Investigator: John Williams Jr., Rhode Island College

Scientific Theme: Cancer and Molecular Toxicology

Abstract: Arylphosphonium salts (APS) are cytotoxic lipophilic cations that can cross cell membranes.  They show SAR’s for DNA binding in electrophoresis. Computational models indicate both electrostatic and intercalation binding.  They are antibacterial and antifungal by unknown mechanism(s).  Some are active against cancer cells in culture and in vivo. They concentrate in mitochondria and have been used as carrier molecules to deliver DNA-alkylating agents into mitochondria. They can also be conjugated with flurophores to enhance cell imaging.  We have synthesized some of these compounds and observed these effects in our laboratories.  Three to five step high-yield protocols developed in our laboratories using readily available reagents and microwave-assisted and/or solvent-free syntheses are employed. Selected compounds will be tested by cellometry using a MuseTM Cell Analyzer for selective toxicity against malignant (4TI) vs. normal (NMuMG) cancer cell lines. We will use a luciferase ATP assay, ATPiyte®, to probe inhibition of ATP synthesis as a specific toxic consequence of selective mitochondrial uptake. We will begin with a set of triarylcinnamyl and triaryl (alpha-toluic acid) phosphonium salts that have proven to be the most active in previous toxicity screenings and prepare modifications of these by the synthesis methods noted herein. Leads discovered in this screening will be modified to increase potency and efficacy. They will be tested for binding to both ds and G4 DNA in electrophoresis and by CD and lTC experiments. New compounds will also be screened for estrogenic activity.  Up to six students can be involved directly in this project during the summers. Three to five students can continue the project during each following academic year. The overall aim of this project is to discover new selective anticancer agents and produce leads for preclinical development. This will be done by synthesis of new compounds and selection of library compounds which will be screened for mitochondrial ATP suppression, selective toxicity in cellometry experiments and DNA binding in gel electrophoresis. Eventually we intend to do preclinical trials in mice with the most promising candidates.
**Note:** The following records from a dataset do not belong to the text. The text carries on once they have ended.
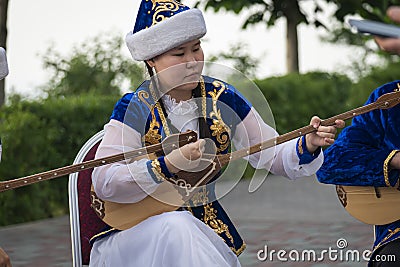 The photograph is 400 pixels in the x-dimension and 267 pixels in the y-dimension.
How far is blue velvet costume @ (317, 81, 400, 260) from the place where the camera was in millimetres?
3318

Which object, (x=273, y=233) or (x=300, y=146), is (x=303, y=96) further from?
(x=300, y=146)

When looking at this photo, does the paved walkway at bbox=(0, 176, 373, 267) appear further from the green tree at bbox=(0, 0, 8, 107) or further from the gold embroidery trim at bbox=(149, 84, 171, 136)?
the gold embroidery trim at bbox=(149, 84, 171, 136)

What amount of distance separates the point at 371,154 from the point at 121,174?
103 centimetres

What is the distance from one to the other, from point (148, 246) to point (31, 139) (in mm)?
4910

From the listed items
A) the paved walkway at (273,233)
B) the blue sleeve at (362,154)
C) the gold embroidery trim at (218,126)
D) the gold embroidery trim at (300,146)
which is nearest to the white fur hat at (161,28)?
the gold embroidery trim at (218,126)

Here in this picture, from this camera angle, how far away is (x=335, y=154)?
3.44 metres

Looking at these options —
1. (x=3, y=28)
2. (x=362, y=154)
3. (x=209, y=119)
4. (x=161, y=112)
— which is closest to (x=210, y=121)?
(x=209, y=119)

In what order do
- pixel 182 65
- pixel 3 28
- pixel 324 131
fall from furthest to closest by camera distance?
pixel 3 28
pixel 182 65
pixel 324 131

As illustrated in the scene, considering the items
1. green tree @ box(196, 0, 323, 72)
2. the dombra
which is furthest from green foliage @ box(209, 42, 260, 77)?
the dombra

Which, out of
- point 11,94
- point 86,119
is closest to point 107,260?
point 86,119

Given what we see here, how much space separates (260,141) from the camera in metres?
3.27

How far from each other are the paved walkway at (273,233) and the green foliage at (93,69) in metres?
4.56

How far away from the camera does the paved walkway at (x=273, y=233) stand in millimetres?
5988

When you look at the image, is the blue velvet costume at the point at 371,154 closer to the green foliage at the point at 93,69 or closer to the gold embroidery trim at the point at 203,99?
the gold embroidery trim at the point at 203,99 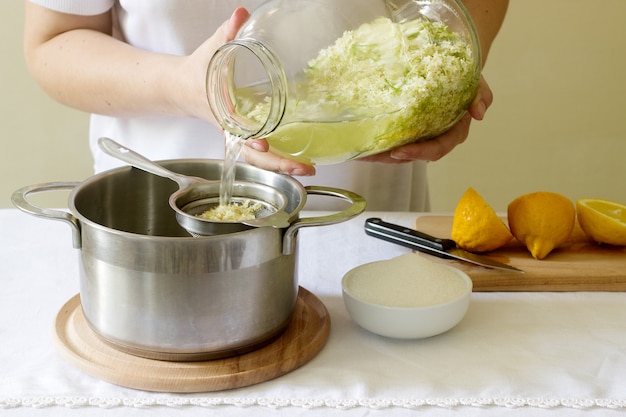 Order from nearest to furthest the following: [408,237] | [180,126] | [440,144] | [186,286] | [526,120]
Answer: [186,286], [440,144], [408,237], [180,126], [526,120]

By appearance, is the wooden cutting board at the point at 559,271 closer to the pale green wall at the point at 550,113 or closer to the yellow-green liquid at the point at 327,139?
the yellow-green liquid at the point at 327,139

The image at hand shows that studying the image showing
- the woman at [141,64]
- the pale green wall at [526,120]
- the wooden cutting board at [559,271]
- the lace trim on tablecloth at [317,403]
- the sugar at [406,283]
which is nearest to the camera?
the lace trim on tablecloth at [317,403]

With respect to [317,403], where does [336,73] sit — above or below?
above

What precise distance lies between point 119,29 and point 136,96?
0.20 meters

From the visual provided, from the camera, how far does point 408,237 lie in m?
1.01

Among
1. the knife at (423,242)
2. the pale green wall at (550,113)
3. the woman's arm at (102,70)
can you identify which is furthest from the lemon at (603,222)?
the pale green wall at (550,113)

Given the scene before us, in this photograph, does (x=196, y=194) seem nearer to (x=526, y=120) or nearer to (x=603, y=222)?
(x=603, y=222)

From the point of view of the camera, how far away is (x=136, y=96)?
1076 millimetres

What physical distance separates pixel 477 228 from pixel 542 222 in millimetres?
76

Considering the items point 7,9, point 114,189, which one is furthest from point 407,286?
point 7,9

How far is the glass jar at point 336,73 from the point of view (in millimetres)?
730

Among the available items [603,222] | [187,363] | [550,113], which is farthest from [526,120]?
[187,363]

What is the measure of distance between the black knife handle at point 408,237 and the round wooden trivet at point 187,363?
0.73 feet

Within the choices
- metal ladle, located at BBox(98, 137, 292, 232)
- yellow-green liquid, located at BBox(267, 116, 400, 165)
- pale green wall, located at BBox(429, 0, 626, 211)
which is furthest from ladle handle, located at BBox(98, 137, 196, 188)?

Human Health Relevance: Cancer therapy, early cancer diagnosis, breast cancer, cell culture, cell-imaging, cell targeting, cytometry, medicinal chemistry, computational medicinal chemistry, dsDNA toxicity,  G4 DNA toxicity, selective drug uptake, blocking of DNA amplification, fluorescence labeling, ATP inhibition, mechanisms  of antipoliferation agents, correlations for and predictors of anti-cancer activity, green chemistry, microwave assisted synthesis, computational  screening. in vitro screening. preclinical in vivo screening.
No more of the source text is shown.